:: Activity ::
Go line by line through the data and copy those with the word "Picture".

:: Data ::

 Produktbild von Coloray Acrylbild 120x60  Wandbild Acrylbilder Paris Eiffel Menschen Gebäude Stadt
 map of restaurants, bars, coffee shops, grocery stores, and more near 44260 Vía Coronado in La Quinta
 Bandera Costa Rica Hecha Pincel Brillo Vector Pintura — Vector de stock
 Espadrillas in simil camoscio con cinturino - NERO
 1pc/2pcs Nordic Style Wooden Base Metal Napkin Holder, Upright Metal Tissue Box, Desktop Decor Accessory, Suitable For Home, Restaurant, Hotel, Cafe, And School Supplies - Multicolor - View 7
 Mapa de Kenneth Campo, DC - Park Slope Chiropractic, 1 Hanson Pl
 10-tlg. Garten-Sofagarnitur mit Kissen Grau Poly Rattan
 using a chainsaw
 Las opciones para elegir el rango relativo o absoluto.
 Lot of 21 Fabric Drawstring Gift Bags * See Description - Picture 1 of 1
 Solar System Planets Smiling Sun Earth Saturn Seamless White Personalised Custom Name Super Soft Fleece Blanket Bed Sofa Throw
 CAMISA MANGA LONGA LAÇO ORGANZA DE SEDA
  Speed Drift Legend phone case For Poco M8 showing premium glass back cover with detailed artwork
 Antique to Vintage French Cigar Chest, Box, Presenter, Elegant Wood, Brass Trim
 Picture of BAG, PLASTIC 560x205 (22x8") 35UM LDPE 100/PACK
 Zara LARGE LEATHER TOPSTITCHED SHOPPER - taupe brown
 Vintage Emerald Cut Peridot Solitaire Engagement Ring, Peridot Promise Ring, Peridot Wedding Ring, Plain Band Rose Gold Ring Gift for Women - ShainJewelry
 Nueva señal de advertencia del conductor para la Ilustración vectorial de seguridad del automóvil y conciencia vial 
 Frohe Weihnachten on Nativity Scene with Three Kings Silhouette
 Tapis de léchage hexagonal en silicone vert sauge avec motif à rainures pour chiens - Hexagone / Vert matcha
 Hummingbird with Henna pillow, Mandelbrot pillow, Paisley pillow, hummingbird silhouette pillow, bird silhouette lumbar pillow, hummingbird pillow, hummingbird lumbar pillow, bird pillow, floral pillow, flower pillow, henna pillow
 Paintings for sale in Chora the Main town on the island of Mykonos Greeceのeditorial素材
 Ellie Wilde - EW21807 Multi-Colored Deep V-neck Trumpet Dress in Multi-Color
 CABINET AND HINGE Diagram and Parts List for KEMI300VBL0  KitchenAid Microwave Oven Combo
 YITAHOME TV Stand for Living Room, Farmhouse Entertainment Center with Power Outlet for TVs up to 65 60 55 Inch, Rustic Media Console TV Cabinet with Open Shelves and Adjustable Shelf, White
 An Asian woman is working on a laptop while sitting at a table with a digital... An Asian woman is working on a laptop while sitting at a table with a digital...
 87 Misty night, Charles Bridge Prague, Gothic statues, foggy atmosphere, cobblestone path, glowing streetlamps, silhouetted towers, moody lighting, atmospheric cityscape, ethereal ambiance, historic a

:: Answer section ::
 Lot of 21 Fabric Drawstring Gift Bags * See Description - Picture 1 of 1
 Picture of BAG, PLASTIC 560x205 (22x8") 35UM LDPE 100/PACK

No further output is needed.